Emerging markets and climate transition: progress, challenges and opportunities

Dec 08, 2023

In 2022, we wrote about emerging markets (“EM”) being a key piece in the climate puzzle. By this we meant that whilst developed markets have historically been the main contributor to climate change, EM markets will account for most of the increase in greenhouse gas emissions going forward. As such, the success or failure of EM will have a significant impact on the ability of the world to reach net-zero emissions by 2050, and therefore avoid the worst effects of climate change.

EM countries are feeling the sense of urgency when it comes to the worst effects of climate change. The devastating floods in Pakistan, and drought-induced famine in Uganda in 2022 are but a few of many likely climate-related natural disasters affecting EM countries, where the capacity to cope is limited. Unfortunately, it is precisely some of the most climate-vulnerable countries that are also facing the most acute debt distress – such as Sri Lanka and Zambia.

Here, whilst focusing on the restructuring of past debts is certainly necessary, it is solving only half of the problem. What these countries really require are new engines of economic growth to allow them to carry more (not less) debt, on a sustainable basis. On top of this, with the help of the international community, they need to invest in climate mitigation and adaptation projects to protect their populations from the adverse effects of climate change.

In our piece, we look at the progress that EM countries are making. Despite the overwhelming nature of the challenge, combined with a hostile external market environment, EM countries are continuing to push ahead with their green agendas, as follows:

  • Climate change commitments: the growing ambition of EM countries’ Nationally Determined Contributions (“NDC”). Thes countries dominate the group with an ‘almost sufficient’ NDC target, as defined by the Climate Action Tracker initiative.

    We discuss how, last year, Uruguay led the way in creating a direct link between the fulfilment of its NDC commitment and debt financing cost, via the first ever sovereign ‘step-up, step-down’ sustainability-linked bond.

  • Green taxonomies: EM countries have been developing and (in some cases) launching green taxonomies. These frameworks are important as they mobilise investments in domestic economies to line up behind a country’s own climate transition priorities and environmentally friendly projects.

    Green taxonomies reflect the unique challenges that individual countries are facing, and although such frameworks might not be perfect, they are a much-needed starting point, and we expect them to dynamically evolve over time.
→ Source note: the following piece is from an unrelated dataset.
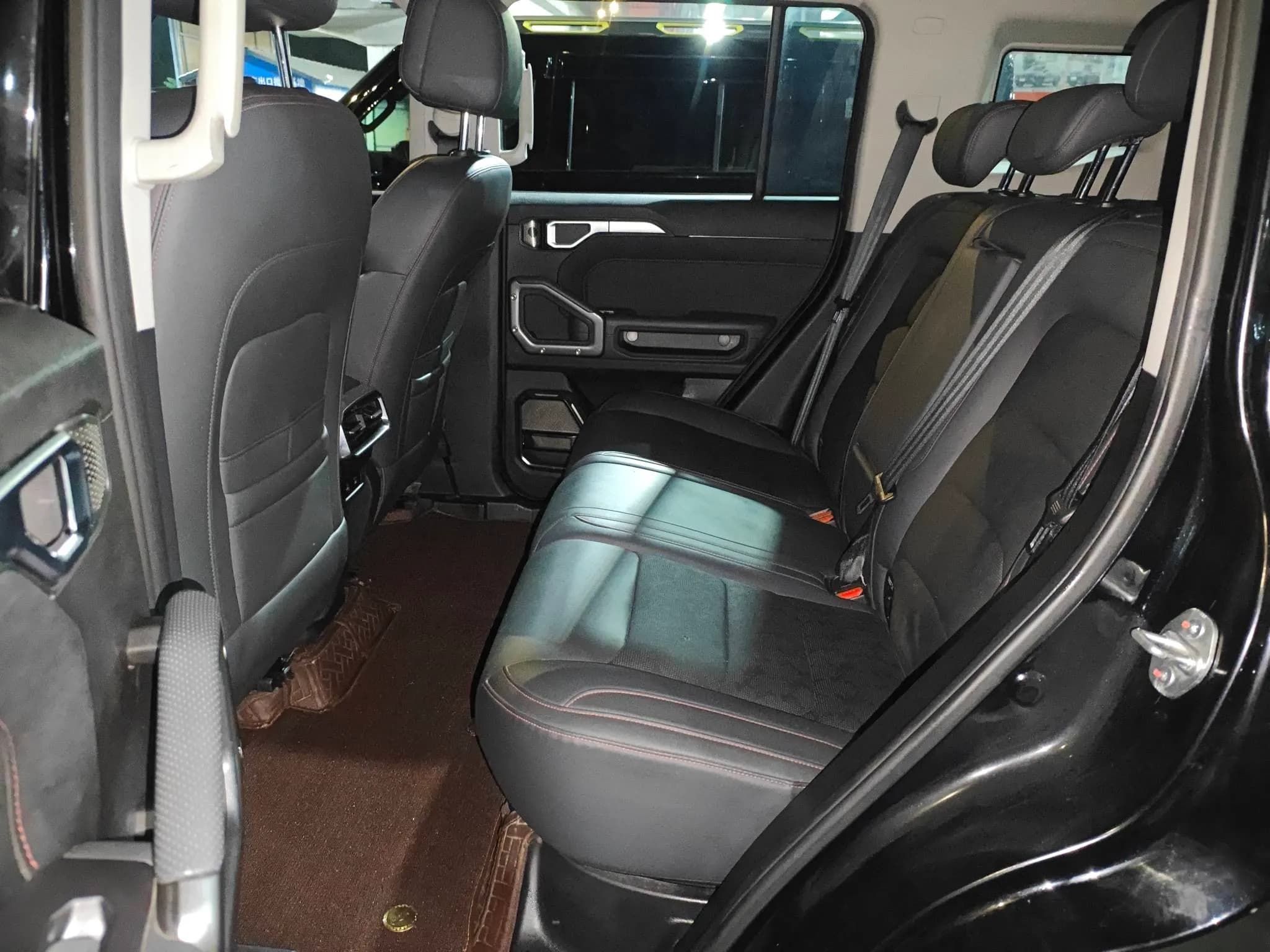 Jetour XWD 2024 5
  • Investments in alternative energy: EM countries are increasing their efforts to reduce reliance on fossil fuels and increase capacity in clean and renewables. Those with access to funds, especially China, are directing investment into this rapidly-growing industry, followed by India and Brazil.

    What is becoming apparent, however, is the marked regional differences in EM’s capability to attract investments into clean energy. The least developed countries, as well as small island developing states, are finding it particularly challenging to attract investments.

  • Sustainable financing: given challenges ahead, stakeholders, including multinationals and market participants and sovereign issuers have been ramping up efforts to develop innovative financial instruments to channel funding into much-needed projects within EM.

    We have seen ongoing issuance of EM sovereign ‘use-of-proceed’ bonds and improvements in their quality, while the sustainability-linked bond framework has started to be utilised by sovereigns and ‘debt-for-nature’ swaps have increased.

However, while these developments are a step in the right direction, significantly more capital needs to be channelled into EM countries to fulfil their climate transition objectives. The financial industry can play a critical role, by directing this capital into EM countries.

Ultimately, these countries are vital in the fight against climate change and their success or failure will have a significant impact on the ability of the world to reach net-zero emissions by 2050, and so avoid the worst effects of climate change.